Es ist Mitte Juni, abends gegen 19 Uhr, Standort Rhonegletscher: der Klima- und Gletscherexperte David Volken misst auf 2300 Meter über Meer eine Lufttemperatur von 13 Grad. «Das ist nicht normal», sagt er nachdenklich. «Derzeit liegt die Nullgrad-Grenze fast auf Mont-Blanc-Höhe, also auf 4800 Meter. Wir haben im Juni schon etliche Hitzetage gehabt und im Mai hatten wir sogar fünfzehn, sechzehn Sommertage in Locarno, Genf und Visp», resümiert Volken.
Tatsächlich liegt auf dem Rhonegletscher kaum noch Schnee zu dieser Jahreszeit. Das habe er in den letzten zwanzig Jahren so noch nie erlebt, sagt Volken. «Die Ausaperung ist so weit fortgeschritten, wie normalerweise anfangs August. Nicht mal im Hitzesommer 2003 hatten wir Mitte Juni so wenig Schnee», erklärt der Gletscherexperte. Dabei wäre der Schnee wichtig, weil er die Gletscher vor der Sonne schützt.
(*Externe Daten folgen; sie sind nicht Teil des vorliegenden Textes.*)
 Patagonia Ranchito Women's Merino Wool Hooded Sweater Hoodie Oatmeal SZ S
Das habe ich so in den letzten zwanzig Jahren noch nie erlebt.
Noch liegt der Sommer vor uns und es lässt sich nicht absehen, wie sich die Gletscherschmelze letztlich entwickeln wird. «Doch es deutet jetzt schon vieles auf ein extrem starkes Schwundjahr hin», ist Volken überzeugt.
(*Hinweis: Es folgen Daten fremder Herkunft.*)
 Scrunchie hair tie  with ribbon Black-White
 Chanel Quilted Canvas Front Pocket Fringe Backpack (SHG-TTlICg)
Lebensverlängernde Massnahmen
Wenn der Rhonegletscher schwitzt, dann leidet auch die Eisgrotte unten im Bereich der Gletscherzunge. Betrieben wird sie von Philipp Carlen in vierter Generation. Sein Urgrossvater hatte vor knapp 190 Jahren die Idee, man könnte doch eine Grotte ins Eis schlagen und den Gletscher so touristisch vermarkten. Seither besitzt die Familie Carlen die Nutzungsrechte am Gletscher und lockt mit ihrer Grotte Jahr für Jahr tausende Touristen ins Eis.
Doch mit zunehmendem Gletscherschwund steigt auch der Arbeitsaufwand. «Die hundert Meter lange Grotte muss jedes Jahr neu erstellt werden - fünf, sechs Mann sind damit fast vier Wochen lang beschäftigt», sagt Carlen. «Ausserdem decken wir den Gletscher im Bereich der Grotte mit speziellem Vlies ab, das ist ebenfalls eine sehr aufwändige Sache.»
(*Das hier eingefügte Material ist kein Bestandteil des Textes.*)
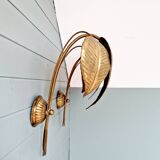 Large pair of brass floral wall sconces, 1960s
Jedes Jahr liegen noch mehr Vliese auf dem Gletscher. Sie können die Eisschmelze indes nicht verhindern, nur verlangsamen. Mit den Blachen kämpft Philipp Carlen gegen den Klimawandel an. Doch irgendwann werde der Aufwand zu gross. «Wenn der Gletscher weiter so schnell schwindet, dann wird es die Eisgrotte nicht mehr lange geben. Ich werde die letzte Generation sein», sagt Philipp Carlen.
Bereits ist an der Gletscherzunge jedoch eine neue Attraktion entstanden: ein See, gespiesen vom schmelzenden Eis. Und so wie der Rhonegletscher ständig etwas kleiner wird, wächst der See von Jahr zu Jahr.